You could stop reading this post and read Niall’s post instead - I’d probably worth your time more.
- But if you are still here
- shameless plug, I wrote What is SRE last month, in which I tried to clarify the differences between DevOps and SRE.
In his post, Niall described what SRE is not (or what can you remove from SRE and have it still be SRE?). Looking at defining SRE this way actually helps me understand the practice of SRE better.
The TL;DR is SRE is an engineering role.
Because it’s an engineering role then it follows that:
- If the SREs don’t have access to the source code nor can change the code or the system design, then they aren’t doing SRE. The point here is SREs are to be trusted to provide deep engineering contribution to the systems they are supporting.

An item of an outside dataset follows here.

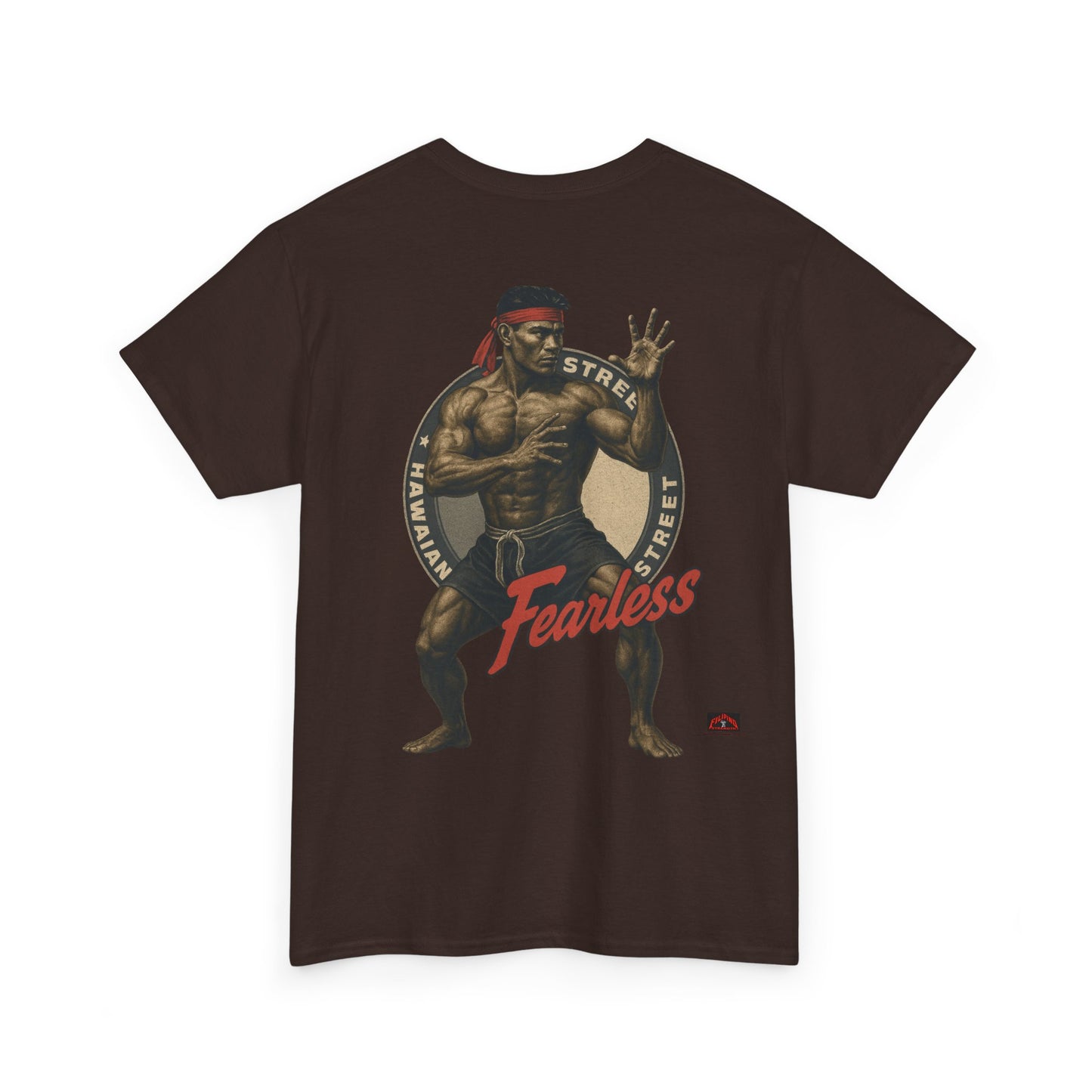 FIlipino Strength Fearless Hawaiian Street Vintage 90s Design New Print Unisex Heavy Cotton Tee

- If the SREs don’t write code, then you aren’t doing SRE. Niall calls this team an operations team with distributed system expertise, which is a valuable practice in itself – but like the point above, the team won’t be able to provide deep engineering contribution in terms of scaling, reliability, monitoring etc.
His point of SRE is best implemented in a “large” scale [system|business|data|users] clears up my own confusion on why not many companies implemented SRE (given the hype surrounds it).
I love this his point about SRE job title:
SRE work does not require the SRE job title to perform. Conversely, having the SRE job title but not doing SRE work creates confusion and dismay
About Niall’s second statement above, I have experienced this myself from talking to people in the industry and looking at SRE job advertisements - so I really appreciate article like this that clearly articulates what SRE is (by defining what it is not).